The basic premise is really basic: our protagonists are pawns in a competition of two magicians of differing styles and techniques. A new method vs. old method theme. Very familiar and not at all unique or distinctive, but what was the last original idea?
A few brief points about what I felt Morgenstern got right: Falling in love.
The whirlwind, the unreasonableness, the beauty of it. Place as character.
Like the characters Bailey and Frederick, the readers can easily insert the circus in as protagonist. The haunting beauty of the sublime surroundings are indeed enchanting. Some may argue that she uses too flowery of language or too much purple prose, but it's an intense hold on all of the senses to transport you so thoroughly to the circus. Fandom.

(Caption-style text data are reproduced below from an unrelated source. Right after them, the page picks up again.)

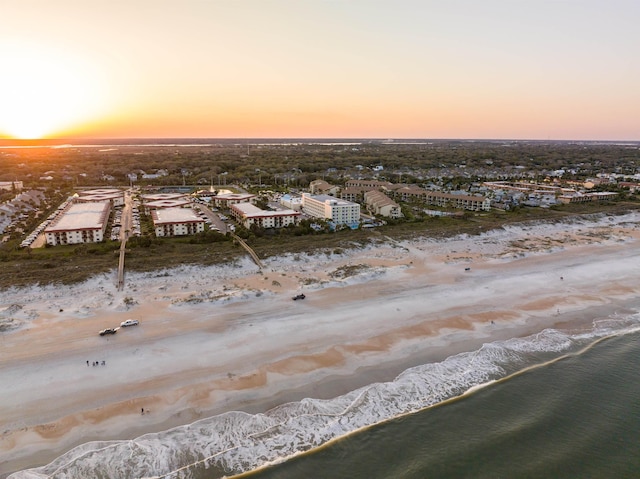 aerial view at dusk with a view of the beach and a water view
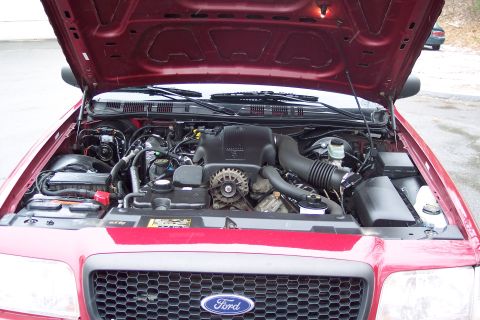 2001 Ford Crown Victoria - Engine bay of a 2001 Ford Crown Victoria, viewed from above with the hood raised.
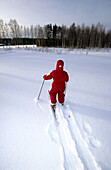 A three years old girl skiing at winter. Medle. Västerbotten, Sweden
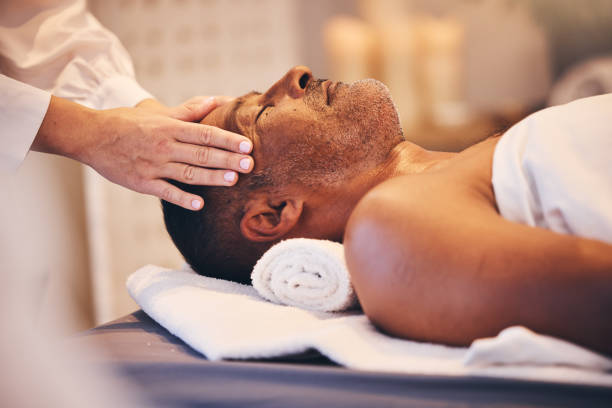 istock Hands, head and massage with a man in a spa on a bed or table for wellness, luxury or stress relief treatment. Relax, zen and beauty with a male customer lying in a health center for physical therapy 1466002902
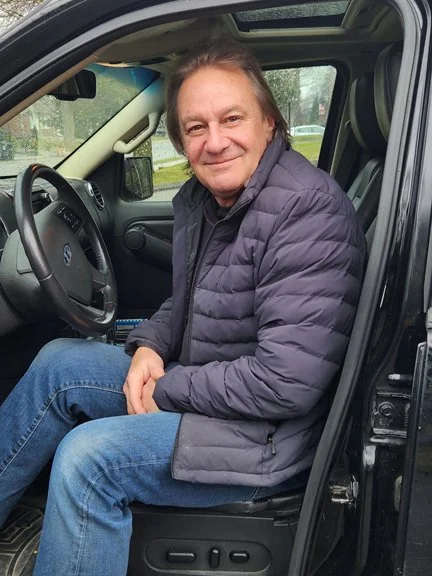 Volunteer Driver sitting in his car.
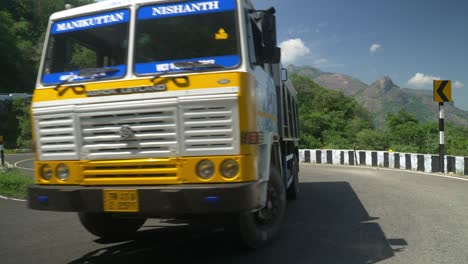 Vehicles-driving-through-a-winding-mountain-road-with-caution-signs-indicating-a-curve,-Hair-pin-bend-road-go-slow-red-sign-board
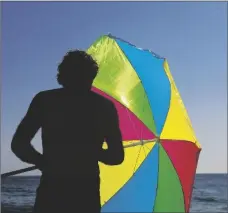  ?? AP PHOTO/JAE C. HONG ?? A man folds his umbrella on the beach on Aug. 7, 2018, in Laguna Beach, Calif.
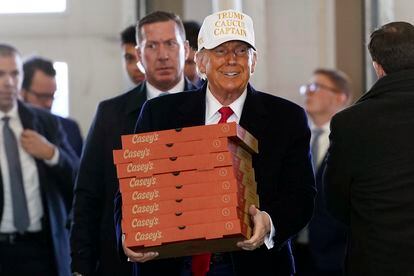 Republican presidential candidate former president Donald Trump arrives to deliver pizza to fire fighters at Waukee Fire Department in Waukee, Iowa, Sunday, Jan. 14, 2024. 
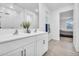 Bright bathroom featuring dual sinks, white cabinets, and walk in shower with glass door at 22560 E Rosa Rd, Queen Creek, AZ 85142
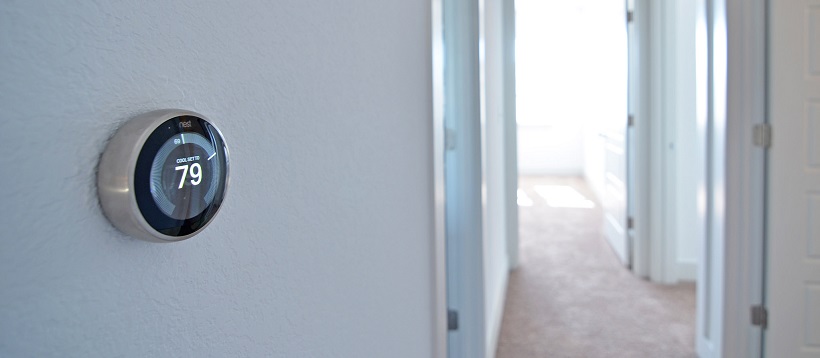 Close up of Nest thermometer on white wall of a hallway.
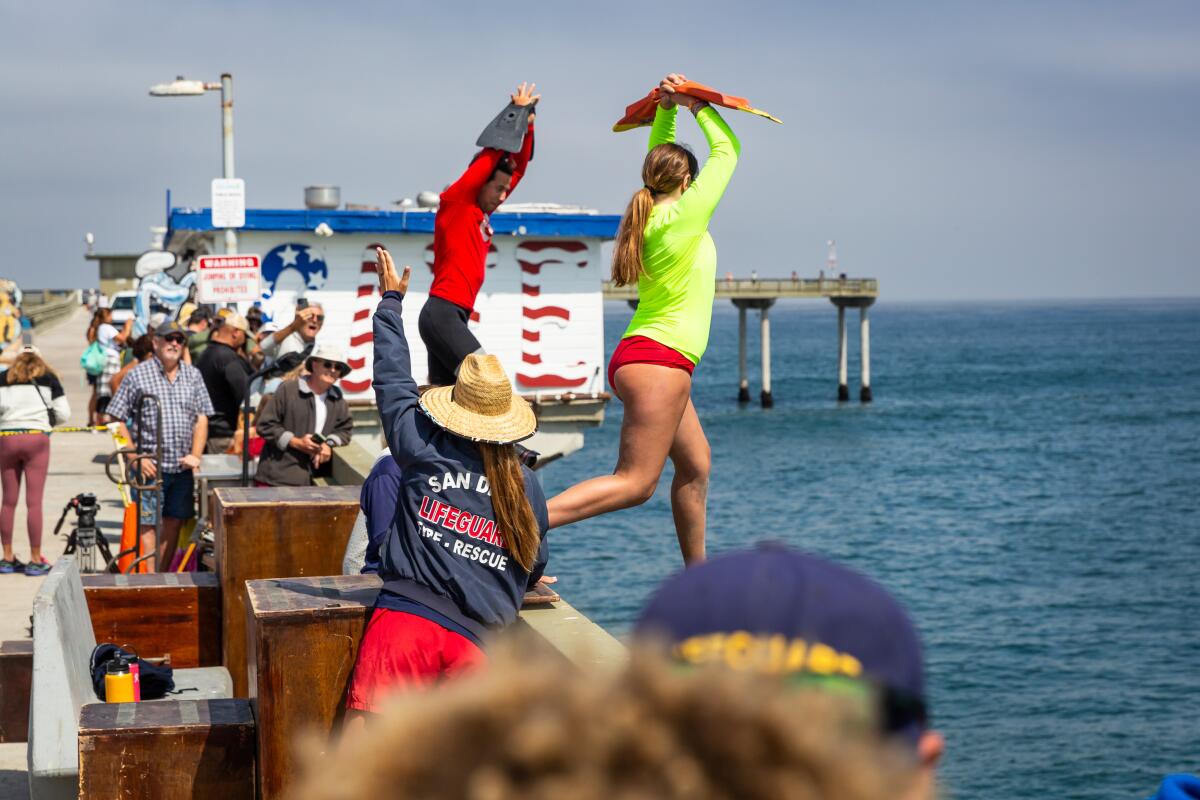 A Junior Lifeguard jumps off the Ocean Beach Pier during a fundraiser for the Prevent Drowning Foundation of San Diego.
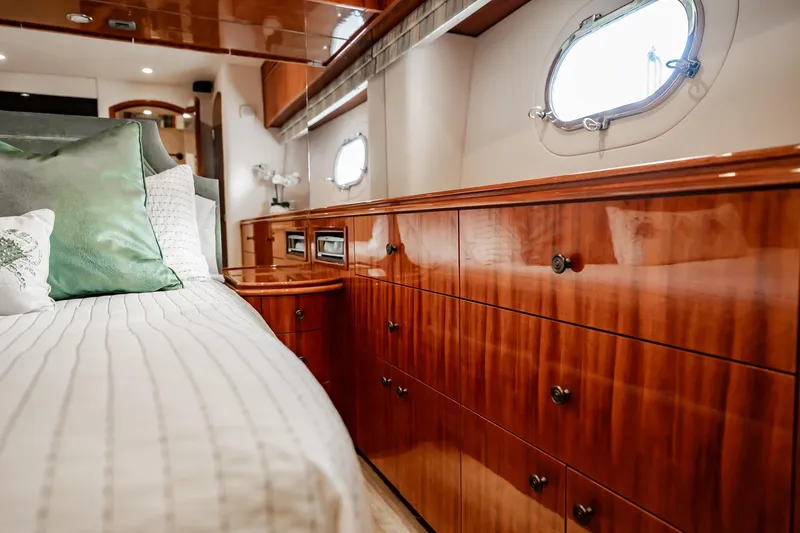Slide: The Image of Luxurious 2012 Hatteras 80 Motor Yacht bedroom with elegant wood cabinetry and plush bedding. - 116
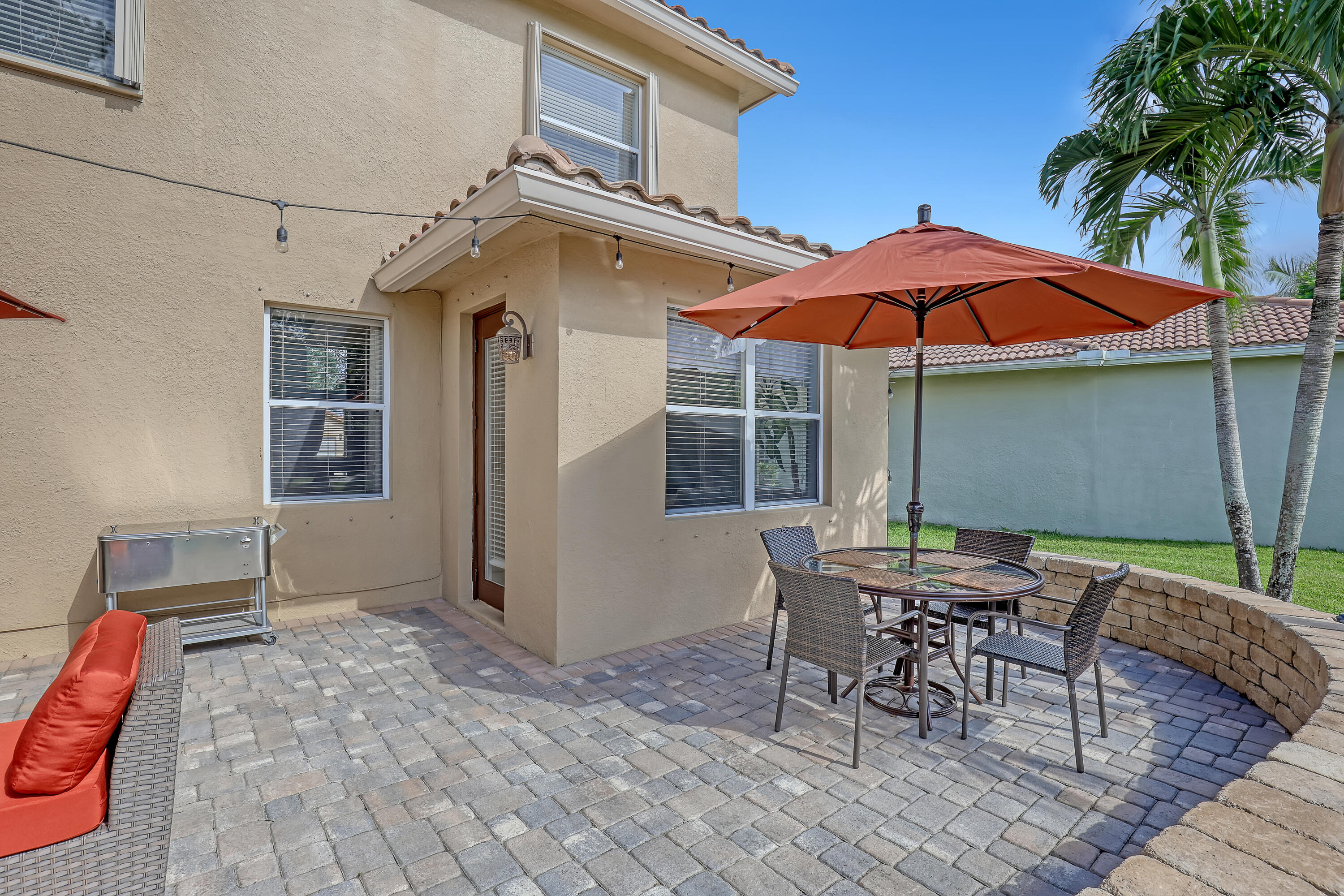 Stucco exterior featuring a paver patio, integrated segmental retaining wall, and exterior string lighting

The psychology of fanaticism and fanatical beliefs. Change out the circus venue and change the magic to religion/music/politics/parenting/whatever and you'd have an entirely different story but one that beats in the same rhythm.
What I loved about it: The hopscotch narrating
from different narrators, different points of view and voices, different writing methods, non-chronological events Freiderick Thiessen
(what an endearing man) so many allusions
(gorgeous gorgeous allusions to history to literature to wonder). mood.
This is what I think I was hoping for from The Graveyard Book. Something intriguing and mystifying but not sinister. Something that hints at darkness but is wholesome.
Yet sometimes the special effects and beautiful poetic living language I felt was a manipulation (an illusion just as the characters were using) to distract from the one dimensional characters caught in a plot of urgent yet vague mystifying confusion. It was similar to watching the series Lost play out. It was intense and so many questions and clues to wade through and in the end, it seems the writers wrote themselves into a corner trying to justify why nothing made sense. I felt that the ending was rushed with some loose ends that Morgenstern wrapped into a decadent bow.
Overall its a fabulous book, but I don't feel at ease or a sense of conclusion. For a character to spend decades preparing for battle and to fool and put on illusions and facades, I don't think I ever felt like they let their guard down and thus I never felt a genuine connection with them. I never knew if I was to choose someone to root for in the competition.
But oh what gorgeous language! I will be very excited to read another novel if Morgenstern writes another. I'm secretly (well not-so-secretly now) hoping she might collaborate to create a graphic novel because her prose is full of so much imagery.